California (13-12, 6-7) played without second-leading scorer and rebounder Allen Crabbe, concussed in the loss at UW. His replacement in the lineup was walk-on freshman Jeff Powers, a transfer from Denver who became eligible at the semester.
In only his fifth game, Powers kept the Bears close with a couple early 3s and he finished with a career-high 14 points. They needed his boost because Gutierrez, averaging 13.6 points per game, missed his first nine shots, throwing up three air-balls (part of nine combined for the teams).
But Gutierrez got hot late (his first hoop came at the 11:29 mark), hit five consecutive shots, and finished with 19 points. Six of those came from the free throw line, where he and Kamp (17 points, nine rebounds) lived in the final 2 minutes, keeping Cal close by hitting eight in a row.
And WSU was missing just enough free throws to help. Moore made just one of two twice, the second with 10.3 seconds left. Up by three, Bone called time and set the defense.
Gutierrez took the inbounds pass, dribbled up court quickly and got a pick on Thompson by Kamp.
“Our plan was to switch the screen and Brock was there but he got a good look,” Bone said. “Brock, luckily, is 6-10 and has long arms so he had a little bit of a presence. But I was hoping he would step up, be a little closer to him.”
Gutierrez’s look was clean, but the shot rattled in-and-out.
“That broke my heart,” Powers said. “I don’t think I’ve seen a shot at that point of a game, go in and out like that.”

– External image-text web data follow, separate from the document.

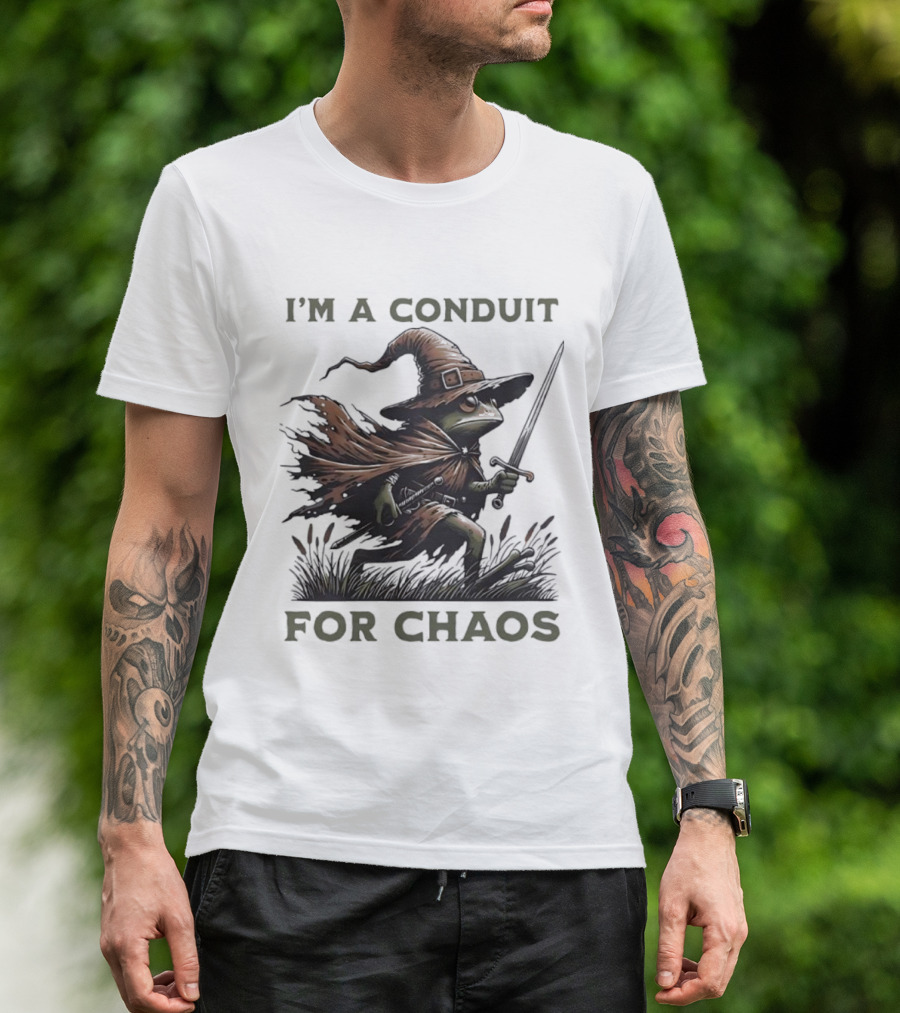 I'm A Conduit For Chaos Frog Wizard Sword T-Shirt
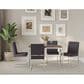 Lumisource Fuji Side Chair with Charcoal Cushion in Brushed Stainless Steel (Set of 2), , large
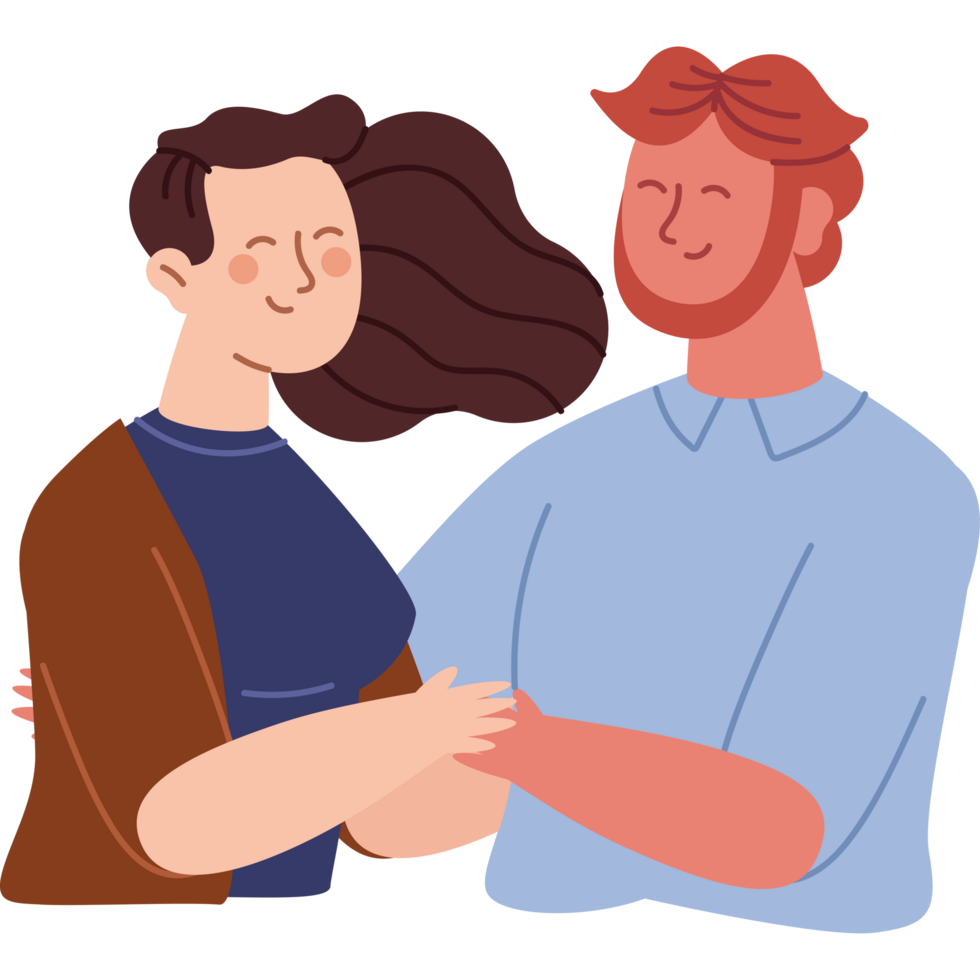happy couple hugging characters png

“He came down off a ball screen and at that point they didn’t want to foul him, so they let him go and he got a really good look,” Montgomery said. “It was right at it, it just was just (in-and-out).”
Aden got the rebound and was fouled with 2.6 seconds left. It was over.
“Once again it wasn’t a real pretty game and we had to deal with adversity in a variety of ways,” Bone said, including “not shooting the ball well. That can be discouraging, especially early in the game. But they stuck with it and we were able to persevere.”